Nouvelle idée fumeuse, jetée en pâture dans un monde du vélo qui se segmente, ou simplement une nouvelle façon de rouler ? Le Allroad prend une place de plus en plus large dans le monde du vélo. Bike Café suit depuis le début l’évolution de ce concept qui n’a rien de nouveau, mais qui a fini par devenir le qualificatif de nombreuses gammes de vélos et d’équipements. Le Allroad fait la synthèse de ce que recherchent les cyclistes modernes, désireux d’élargir les terrains de jeu restrictifs qu’on leur avait assignés. Il réunit sous ce vocable les vélos d’endurance et les gravel légers qui finissent par se ressembler, ciblant ainsi une part très importante du marché vélo. Dans cet article, nous avons voulu revenir sur le chemin de nos découvertes, pour partager avec vous notre plaisir de rouler sur « toutes les surfaces ».
Photo de couverture Laurent Biger : test de Cassandra et de Laurent du Nakamura Allroad Team.
Les plus vieux ont pour la plupart oublié et les plus jeunes n’ont pas connu le temps où l’on roulait partout avec le même et souvent le seul vélo que l’on possédait. Était-ce un Allroad ? Sur la randonneuse de papa, que l’on appelait simplement vélo, on ne se posait pas la question. Dans l’âge d’or du cyclotourisme de 1930 à 1960, nos anciens roulaient sur une infrastructure routière de mauvaise qualité. On ne se posait pas la question de savoir à quelle catégorie appartenait le vélo : on roulait avec le même pour faire du sport, du voyage, les courses au marché et même pour aller au boulot, avant qu’on appelle ça le “taf”. Les cyclos montagnards ignoraient le mot gravel, les anglais du Rough Stuff Cycling grimpaient les Alpes avec des vélos standards et quand ça ne passait pas, ils les portaient.

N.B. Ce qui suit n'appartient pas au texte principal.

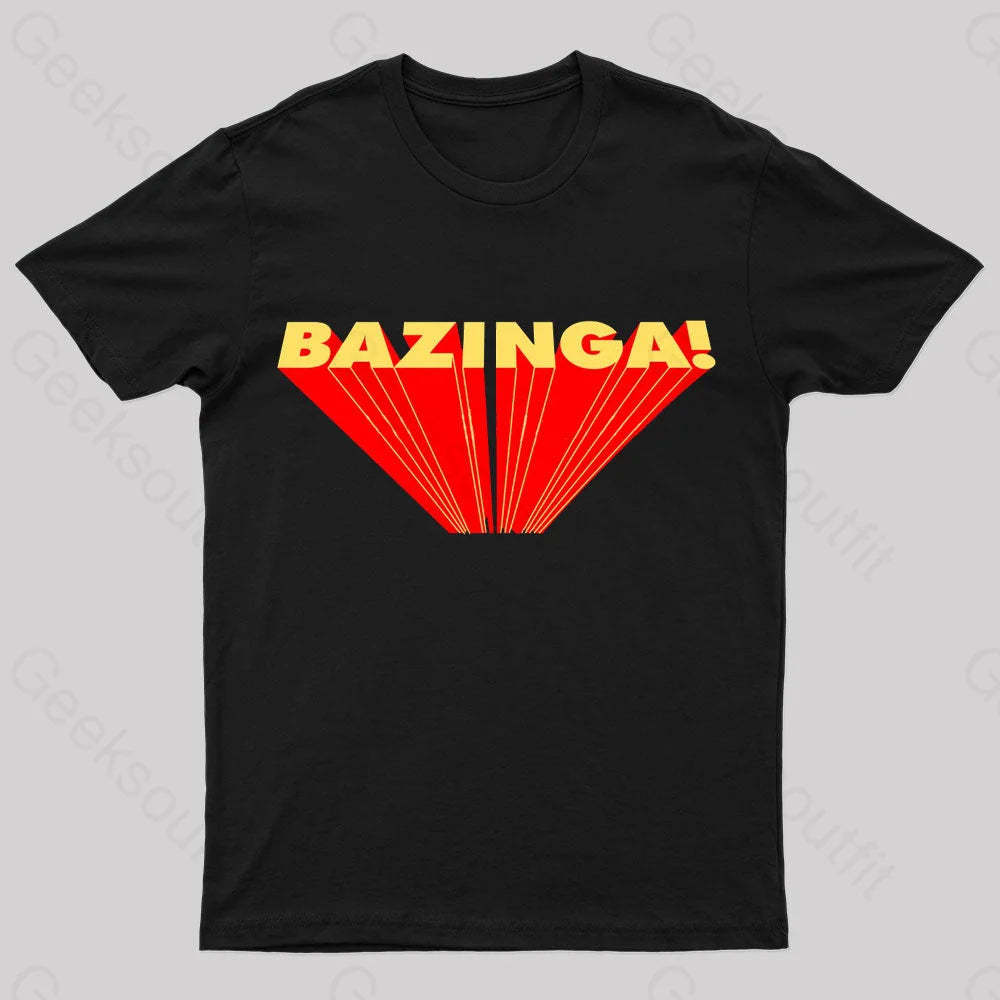 The Big Bang Theory Bazinga Geek T-Shirt Black / S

“Je ne suis pas pour l’usage de termes anglais lorsqu’on peut les éviter, mais ce mot “Allroad” m‘a convaincu. En 2023, j’avais publié un article intitulé “Le Gravel nous rend flous“, mettant l’accent sur les incertitudes que ce vélo avait suscité dans le monde du vélo. J’ai bien essayé de chercher des repères dans le gravel ou dans le vélo d’endurance, mais à chaque fois cette formule Allroad, s’adressant à différents types de terrains, s’est imposée à moi. Pour certains puristes, hyper pointus dans les différentes disciplines du vélo, ce terme peut sembler être, par son côté multi-usage, une hérésie cycliste de plus. Alors pourquoi est-il si souvent utilisé désormais pour qualifier des produits, que ce soient des vélos ou des équipements ?” déclare Patrick qui a testé le Defy, qualifié de vélo d’endurance par Giant, et qu’il a trouvé Allroad.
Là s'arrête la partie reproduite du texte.